• _Task directions_
Output only the lines below that start at the line containing "cancer-antes_depois.jpg" and end at the line containing "Real Human Skull - Partial", with both ends kept.

Stored dataset items:
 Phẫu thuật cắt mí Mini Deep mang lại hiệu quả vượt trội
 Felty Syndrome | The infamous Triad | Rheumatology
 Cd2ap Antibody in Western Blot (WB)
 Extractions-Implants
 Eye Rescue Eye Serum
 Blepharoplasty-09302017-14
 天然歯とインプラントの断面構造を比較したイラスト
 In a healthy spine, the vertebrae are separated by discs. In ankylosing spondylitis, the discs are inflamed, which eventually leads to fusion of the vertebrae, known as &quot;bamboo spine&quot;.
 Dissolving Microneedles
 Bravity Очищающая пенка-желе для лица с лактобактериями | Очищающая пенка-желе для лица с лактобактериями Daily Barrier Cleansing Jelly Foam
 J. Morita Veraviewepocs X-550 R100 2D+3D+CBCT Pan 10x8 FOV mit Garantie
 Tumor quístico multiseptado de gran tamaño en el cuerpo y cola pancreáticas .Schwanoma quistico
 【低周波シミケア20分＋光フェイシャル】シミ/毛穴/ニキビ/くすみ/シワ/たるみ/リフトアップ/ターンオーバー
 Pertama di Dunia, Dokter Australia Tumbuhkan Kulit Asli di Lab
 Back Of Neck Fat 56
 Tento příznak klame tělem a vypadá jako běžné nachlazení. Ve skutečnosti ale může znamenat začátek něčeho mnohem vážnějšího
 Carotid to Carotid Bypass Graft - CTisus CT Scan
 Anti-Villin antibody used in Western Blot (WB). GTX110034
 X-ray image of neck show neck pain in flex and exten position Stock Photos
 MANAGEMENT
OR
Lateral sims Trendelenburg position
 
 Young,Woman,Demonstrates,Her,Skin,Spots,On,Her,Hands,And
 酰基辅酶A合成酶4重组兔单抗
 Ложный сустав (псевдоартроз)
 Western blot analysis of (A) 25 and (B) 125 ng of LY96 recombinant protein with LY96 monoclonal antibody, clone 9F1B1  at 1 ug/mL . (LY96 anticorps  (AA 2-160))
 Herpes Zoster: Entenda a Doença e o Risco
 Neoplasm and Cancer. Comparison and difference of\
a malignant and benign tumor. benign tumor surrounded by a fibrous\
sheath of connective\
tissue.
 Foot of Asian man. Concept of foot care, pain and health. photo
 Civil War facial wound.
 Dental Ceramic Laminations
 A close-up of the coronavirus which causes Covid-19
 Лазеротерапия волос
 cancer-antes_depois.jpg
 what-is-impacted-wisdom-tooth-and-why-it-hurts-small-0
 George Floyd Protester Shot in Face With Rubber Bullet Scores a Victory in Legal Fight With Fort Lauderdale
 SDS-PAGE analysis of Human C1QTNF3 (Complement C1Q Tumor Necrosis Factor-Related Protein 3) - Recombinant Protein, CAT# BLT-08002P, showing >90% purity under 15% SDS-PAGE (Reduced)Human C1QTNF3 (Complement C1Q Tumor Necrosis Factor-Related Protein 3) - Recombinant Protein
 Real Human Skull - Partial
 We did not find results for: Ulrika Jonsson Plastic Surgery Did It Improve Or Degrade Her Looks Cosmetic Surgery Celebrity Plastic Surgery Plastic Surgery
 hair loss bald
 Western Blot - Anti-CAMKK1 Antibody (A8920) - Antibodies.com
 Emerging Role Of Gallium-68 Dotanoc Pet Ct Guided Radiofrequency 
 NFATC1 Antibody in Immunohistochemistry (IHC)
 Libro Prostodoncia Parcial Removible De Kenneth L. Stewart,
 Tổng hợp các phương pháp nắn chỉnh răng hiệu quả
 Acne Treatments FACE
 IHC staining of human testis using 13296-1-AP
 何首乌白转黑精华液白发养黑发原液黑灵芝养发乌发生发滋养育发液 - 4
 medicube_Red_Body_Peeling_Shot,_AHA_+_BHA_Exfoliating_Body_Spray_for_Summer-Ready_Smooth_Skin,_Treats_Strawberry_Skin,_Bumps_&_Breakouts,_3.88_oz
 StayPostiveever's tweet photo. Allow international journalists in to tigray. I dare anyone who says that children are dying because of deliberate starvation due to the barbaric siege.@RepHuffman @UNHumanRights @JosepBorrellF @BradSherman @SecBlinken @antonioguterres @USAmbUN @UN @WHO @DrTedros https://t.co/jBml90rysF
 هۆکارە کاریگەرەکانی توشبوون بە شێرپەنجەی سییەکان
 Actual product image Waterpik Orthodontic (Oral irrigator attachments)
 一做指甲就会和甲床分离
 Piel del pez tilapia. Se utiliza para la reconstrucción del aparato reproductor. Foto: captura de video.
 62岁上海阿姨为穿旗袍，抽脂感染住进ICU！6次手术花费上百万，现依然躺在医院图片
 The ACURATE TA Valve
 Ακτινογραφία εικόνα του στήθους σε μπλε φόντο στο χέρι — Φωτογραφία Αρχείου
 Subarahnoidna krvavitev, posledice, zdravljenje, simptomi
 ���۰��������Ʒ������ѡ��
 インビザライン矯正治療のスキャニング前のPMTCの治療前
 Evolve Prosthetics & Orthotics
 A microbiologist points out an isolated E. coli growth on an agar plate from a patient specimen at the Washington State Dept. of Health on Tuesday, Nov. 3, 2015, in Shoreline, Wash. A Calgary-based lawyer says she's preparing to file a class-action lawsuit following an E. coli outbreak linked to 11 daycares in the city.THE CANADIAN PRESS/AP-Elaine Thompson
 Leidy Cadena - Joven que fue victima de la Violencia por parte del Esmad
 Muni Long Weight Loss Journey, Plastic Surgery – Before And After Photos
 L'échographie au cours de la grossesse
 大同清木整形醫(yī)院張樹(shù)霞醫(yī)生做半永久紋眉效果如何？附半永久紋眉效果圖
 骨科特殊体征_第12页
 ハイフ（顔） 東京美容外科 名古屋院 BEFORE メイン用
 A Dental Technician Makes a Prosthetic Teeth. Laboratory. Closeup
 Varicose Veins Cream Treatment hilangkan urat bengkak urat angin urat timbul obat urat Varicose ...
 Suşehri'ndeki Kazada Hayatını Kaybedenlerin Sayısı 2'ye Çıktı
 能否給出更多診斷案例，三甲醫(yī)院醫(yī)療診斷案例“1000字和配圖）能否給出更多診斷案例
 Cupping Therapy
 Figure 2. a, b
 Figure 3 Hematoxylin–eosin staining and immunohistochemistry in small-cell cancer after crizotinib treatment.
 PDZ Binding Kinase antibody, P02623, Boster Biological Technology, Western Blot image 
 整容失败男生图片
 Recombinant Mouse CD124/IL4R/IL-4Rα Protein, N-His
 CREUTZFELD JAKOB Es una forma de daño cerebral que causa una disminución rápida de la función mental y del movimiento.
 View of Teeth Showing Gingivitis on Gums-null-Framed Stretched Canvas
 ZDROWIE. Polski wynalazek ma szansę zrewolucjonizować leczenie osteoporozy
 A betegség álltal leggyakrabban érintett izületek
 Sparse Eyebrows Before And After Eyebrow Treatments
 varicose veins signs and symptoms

• _Task output_
 cancer-antes_depois.jpg
 what-is-impacted-wisdom-tooth-and-why-it-hurts-small-0
 George Floyd Protester Shot in Face With Rubber Bullet Scores a Victory in Legal Fight With Fort Lauderdale
 SDS-PAGE analysis of Human C1QTNF3 (Complement C1Q Tumor Necrosis Factor-Related Protein 3) - Recombinant Protein, CAT# BLT-08002P, showing >90% purity under 15% SDS-PAGE (Reduced)Human C1QTNF3 (Complement C1Q Tumor Necrosis Factor-Related Protein 3) - Recombinant Protein
 Real Human Skull - Partial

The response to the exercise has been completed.